In 2019, demand for warehouses reached 3.75 million sqm, and space stock increased by a record 2.8 million sqm. 1.9 million sqm is under construction. JLL advisory firm summarized the situation on the warehouse and industrial space market in Poland in 2019.
Demand is holding up
In 2019, gross demand in Poland reached an impressive 3.75 million sqm. This is the second best result in the history of the market and the fourth year in a row when the 3 million sqm of warehouse space leased was exceeded. On the other hand, net demand, i.e. not including extensions of leases, amounted to 2.6 million sqm. The most popular warehouse locations in Poland continue to be the Big Five markets, especially Warsaw, Upper Silesia and Wrocław, whose total share in the total space leased amounted to almost 60%, said Tomasz Mika, Director of the Warehouse and Industrial Department of JLL in Poland.

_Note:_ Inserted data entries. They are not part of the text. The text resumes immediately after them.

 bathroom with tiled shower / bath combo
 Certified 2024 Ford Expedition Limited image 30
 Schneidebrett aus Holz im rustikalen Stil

The Polish warehouse market, although invariably driven by new agreements and expansions, also recorded an exceptionally high share of renegotiations, which constituted over 32% of the total demand. One of the reasons for this situation is the ending of the lease period for contracts concluded between 2013 and 2014, when the market again began dynamic development after the global economic slowdown. Over the past year, no leases over 100,000 sq m have been observed, which indicates the growing importance of smaller-scale contracts.
In 2019, the market was dominated by logistics companies, light production and retail chains, with 41%, 27% and 26% respectively. Despite the observed general decline in industrial production in Poland, it is worth noting the activity of this sector in the warehouse market, which accounted for a quarter of the total demand, noted Maciej Kotowski, Consultant in the Market Research and Advisory Department, JLL.
Record new supply
The past year was primarily a year of exceptionally high activity by developers – the market grew by a record 2.8 million sq m. Poland ranked second in Europe in terms of space delivered, while at the same time being only the eighth market in terms of total supply. At the end of December, the existing stock reached 18.7 million sqm, according to Tomasz Mika.
Last year, the largest amount of new space was delivered in Central Poland and Upper Silesia – nearly 1.2 million sqm in total. Developers continued the dynamic development also in Wrocław and Warsaw, where 440,000 sqm and nearly 300,000 sqm respectively were delivered. Over 100,000 sqm was completed in Poznań, Tricity, Olsztyn and Szczecin. The most popular format were medium and large schemes designed for many tenants.
At the end of last year there was still 1.9 million sqm under construction, including 450,000 sqm in Upper Silesia, over 500,000 sqm in Warsaw and 240,000 sqm in Tricity, which was the highest figure in the history of this market. It is worth noting that the share of speculatively constructed space remained at a relatively high level, which amounted to 47%, informed Maciej Kotowski.
Vacant space up, stable rental rates
High activity of developers contributed to an increase in the vacancy rate, which reached 7.6% in Q4.
Rents remained stable. Rental growth is still held back by the dynamic developer market and the high share of speculative investments. In Q4, the most expensive markets in Poland included urban locations. In the Warsaw city zone base rental rates vary between EUR 4.3 and 5.2 sqm/month. The most attractive rates are offered in suburban big-box warehouses in Central Poland (EUR 2.6 – 3.2 sqm/month).
The value of investment transactions in the warehouse market amounted to 1.48 billion euros, compared to 1.84 billion euros in 2018.
The slightly lower than expected investment result in 2019 was due to the postponement of several significant contracts with a total value of 1 billion euros to 2020. This does not change the fact, however, that this was a strong result – the second largest ever warehouse market. Last year’s largest transaction was the sale of BARN’s portfolio by 7R/Hillwood to GLL Partners for 175 million euros. The most active capital was German, Korean, American and Chinese, emphasized Tomasz Puch, Director of Capital Markets Department of Office and Warehouse Properties, JLL.
The average yield rate for the best warehouse properties in Poland is 6.25%, with the individual cases of selected parks with long-term leases (below 4.5%) and urban warehouses in Warsaw (below 5.5%).